We will take the logarithm for the response variable GDP as it tends to vary exponentially.

In [2]:
data = pd.read_csv(DATA_URL, encoding="ISO-8859-1")
df = data[["cont_africa", "rugged", "rgdppc_2000"]]
df = df[np.isfinite(df.rgdppc_2000)]
df["rgdppc_2000"] = np.log(df["rgdppc_2000"])
In [3]:
fig, ax = plt.subplots(nrows=1, ncols=2, figsize=(12, 6), sharey=True)
african_nations = data[data["cont_africa"] == 1]
non_african_nations = data[data["cont_africa"] == 0]
ax[0].set(xlabel="Terrain Ruggedness Index",
          ylabel="log GDP (2000)",
          title="Non African Nations")
ax[1].set(xlabel="Terrain Ruggedness Index",
          ylabel="log GDP (2000)",
          title="African Nations")
[Text(0, 0.5, 'log GDP (2000)'),
 Text(0.5, 0, 'Terrain Ruggedness Index'),
 Text(0.5, 1.0, 'African Nations')]

Linear Regression

We would like to predict log GDP per capita of a nation as a function of two features from the dataset - whether the nation is in Africa, and its Terrain Ruggedness Index. Let’s define our regression model. We’ll use PyTorch’s nn.Module for this. Our input \(X\) is a matrix of size \(N \times 2\) and our output \(y\) is a vector of size \(2 \times 1\). The function nn.Linear(p, 1) defines a linear transformation of the form \(Xw + b\) where \(w\) is the weight matrix and \(b\) is the additive bias. We include an extra self.factor term meant to capture the correlation between ruggedness and whether a country is in Africa.

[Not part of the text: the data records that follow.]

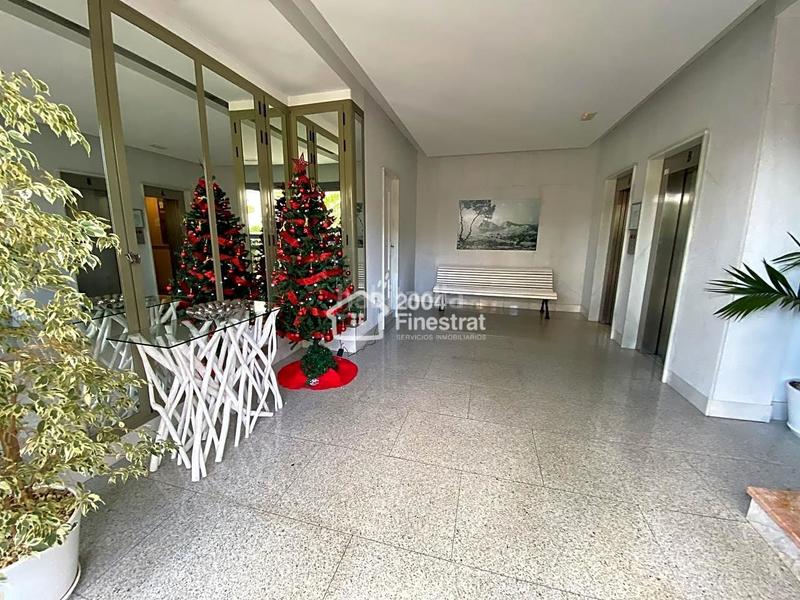 Foto adff31aa-4d6b-4e60-ad0e-be75f25cf7ca. Alquiler apartamento primera linea en la playa de poniente en Benidorm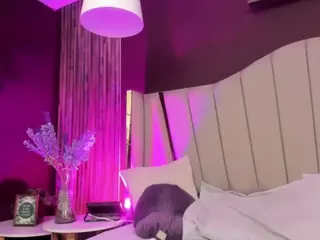 April-bowie's Live Sex Cam Show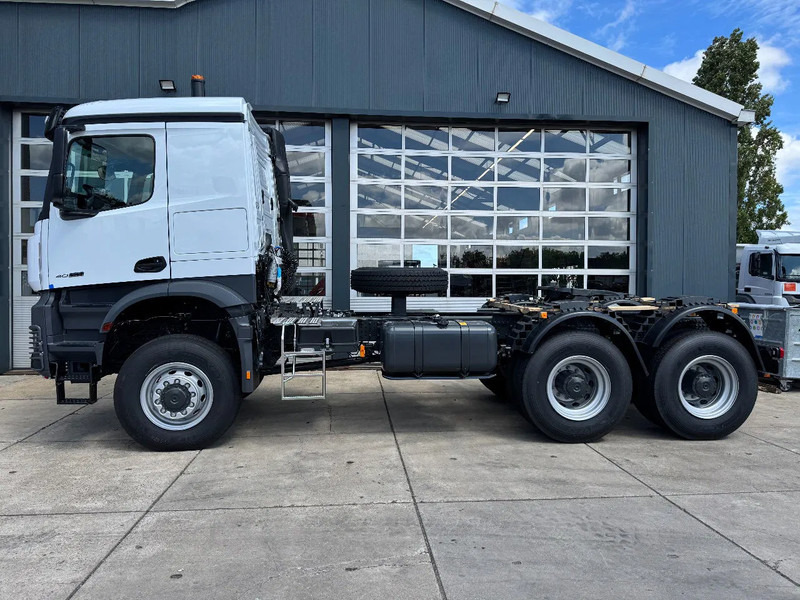 Mercedes-Benz Arocs 4058 AS 6x6 Tractor Head 180T Push Pull EURO-3 - Tractor: foto 1 Mercedes-Benz Arocs 4058 AS 6x6 Tractor Head 180T Push Pull EURO-3 - Tractor: foto 1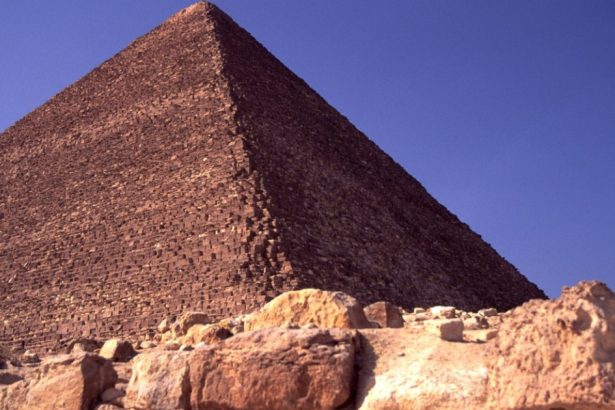 lucrarile de modernizare a piramidelor din giza bat pasul pe loc planul egiptenilor fara aglomeratie sau vanzatori agresivi 6815cab486ba3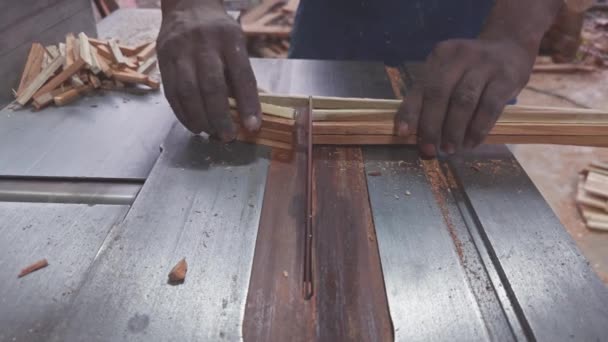 Asztali Fűrésszel Dolgozó Kezek Közelsége Egy Asztali Műhelyben Ázsiában Indiában — Stock videók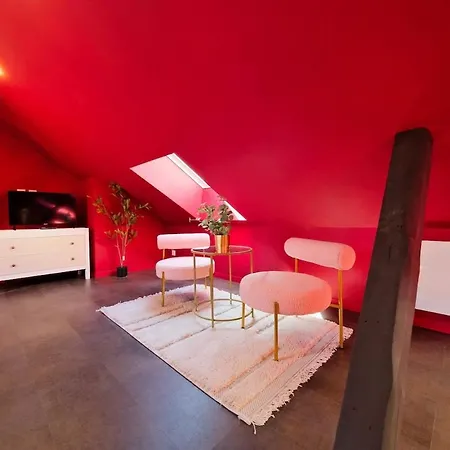 Apartman Camelias, The Secret Reims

Note that we can easily make this a logistic regression by adding a non-linearity in the forward() method.

In [4]:
class RegressionModel(nn.Module):
    def __init__(self, p):
        # p = number of features
        super(RegressionModel, self).__init__()
        self.linear = nn.Linear(p, 1)
        self.factor = nn.Parameter(torch.tensor(1.))

    def forward(self, x):
        return self.linear(x) + (self.factor * x[:, 0] * x[:, 1]).unsqueeze(1)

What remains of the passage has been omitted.